Bungalow in Sacramento, CA. Built in the 1920s.

You can spot a classic bungalow as soon as you know what to look for:

  • One or one-and-a-half stories, often with a basement
  • Room-to-room layout with minimal hallways
  • Wide, overhanging roof
  • Exposed rafters under the eaves
  • Wide front porch beneath the main roof
  • Tapered or square columns supporting the roof
  • 4-over-1 or 6-over-1 sash windows
  • Hand-crafted stone or woodwork
  • Simple forms and natural materials

A bungalow in western Pennsylvania, very typical of the American bungalow style.

The Origins of the Bungalow

Bungalows originally came from India. The term originally referred to small, one-story homes with thatched roofs, where the East India Company used to house English sailors. Eventually, bungalows got bigger and moved to Britain (the thatched roofs disappeared). Even later, the bungalow style crossed the Atlantic and joined America’s Arts and Crafts movement.

The original bungalows.

U.S. bungalows boomed between 1900 and 1930. The lower-middle class was moving out of apartments and into private houses, and bungalows were cheap. You could order a bungalow kit from the Sears and Roebuck catalog for as little as $900. That was in 1910, but $900 back then still only equates to $23,500 today.

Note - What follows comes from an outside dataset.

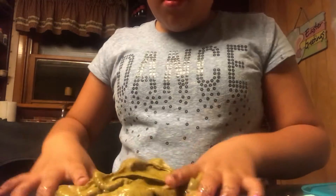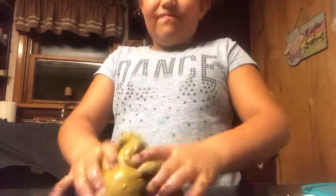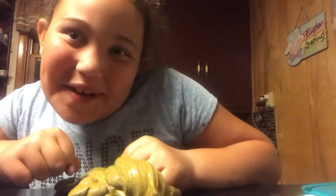Before I wrap up this video, I want to show you guys a little ASMR. And that was my ASMR slime.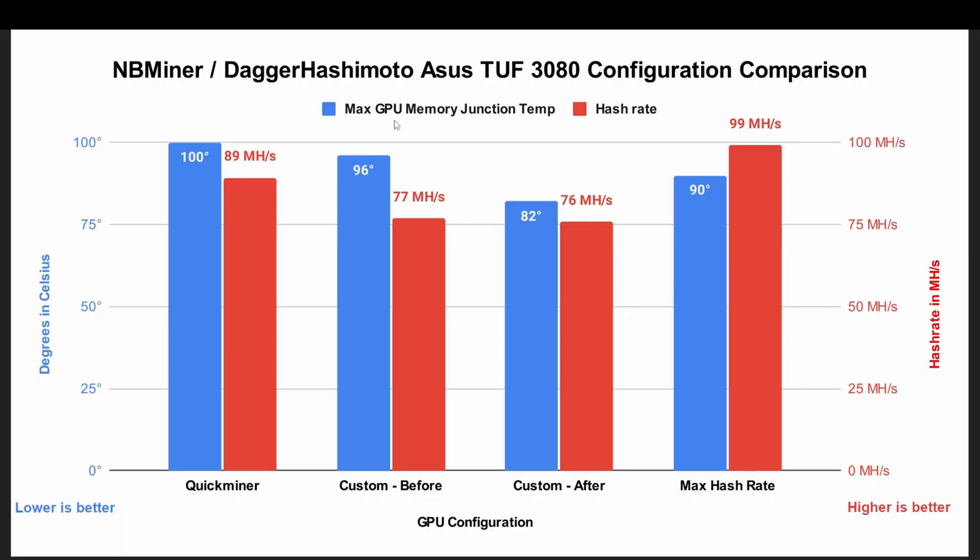I've compiled the maximum GPU memory junction temperature along with the hash rate for each of the GPU configurations during mining. With the memory temperature, lower is better, and with the hash rate, higher is better. With the NiceHash Quick Miner on the light power mode it was going up to 100 degrees Celsius, and this is where I started looking into replacing the thermal pads because I didn't want my graphics card sustaining 100 degrees Celsius. I thought it could do better.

Bungalows took most American cities by storm. They sprung up in established neighborhoods, often congregating along streetcar lines. In many 1920s cities, you could find a “Bungalow Belt” of newly constructed homes.

A Chicago, IL bungalow, built in 1925. Most Chicago bungalows were built between 1910 and 1940, and usually made of brick, with one-and-a-half stories and a full basement. This style represents nearly one-third of Chicago’s single-family houses. The main unique feature of the Chicago bungalow are the gables: these are parallel to the street, rather than perpendicular, as in most bungalows. Photo by Silverstone1.

The Bungalow Present

Many of those original homes survived. They predated urban sprawl, so you’ll find them in the old streetcar neighborhoods like Ballard, Maple Leaf, and Green Lake. Although bungalows might have looked cheap back then, they look charming today. Bungalows have character, history, and, more often than not, some of the best locations.